Lauren McHugh has been a Gameplay Programmer at Maxis since 2005. She worked on SPORE where she employed a behavior tree system to develop creature AI. She spoke about this implementation of behavior trees at GDC 2007. McHugh has developed many AI and gameplay systems for DARKSPORE, including the ability system that will be discussed at AIIDE 2011. She will describe how the ability system enabled the team to easily make hundreds of cool and unique heroes and enemies. McHugh loves playing games, and especially likes online cooperative experiences.

Daniel Kline has been an AI and Game Programmer and Designer for consoles since 2001. He has shipped 6 titles and developed 10 titles, working with companies such as Activision, Electronic Arts, Blizzard, LucasArts, and Midway.
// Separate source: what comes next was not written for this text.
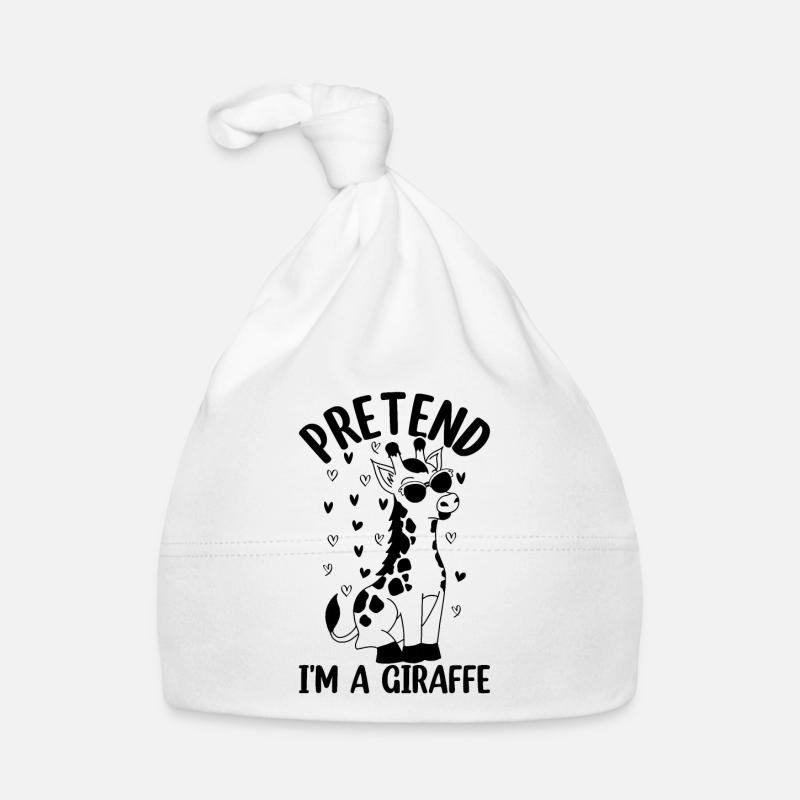 Girafe Prétends que je suis une girafe - Bonnet bio Bébé - blanc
He was Head AI and Gameplay Engineer on Star Wars: Force Unleashed, AI programmer on Diablo 3, and the engineer and designer of the first two levels of Call of Duty: Finest Hour. He has spent over 5 years doing Interactive Storytelling research, design, programming, and pre-production for 3 different companies and AAA blockbuster titles. He is currently working on Darkspore at Maxis as a Software Engineer.

Creating the Enemies of Dead Space

Louis Gascoigne, Electronic Arts

This talk will discuss the techniques used to create and evaluate the NPC (non-player character) behavior in the popular Dead Space action-horror franchise. Scaring the players is an essential component of the Dead Space universe. In order to create scary situations the AI systems and even individual units must communicate state and events to each other as well as other systems. Gascoigne will present examples of how this information is used by the audio, level scripting, and lighting systems. He will also give an overview of the decision-making, sensing, knowledge representation, path-following, and debugging techniques used in the titles. The evaluation portion of the talk will cover the production methods used by the Dead Space 2 team to create new NPCs with a special emphasis on the use of focus testing. Specific examples like the Stalker enemy from Dead Space 2 will be examined in detail.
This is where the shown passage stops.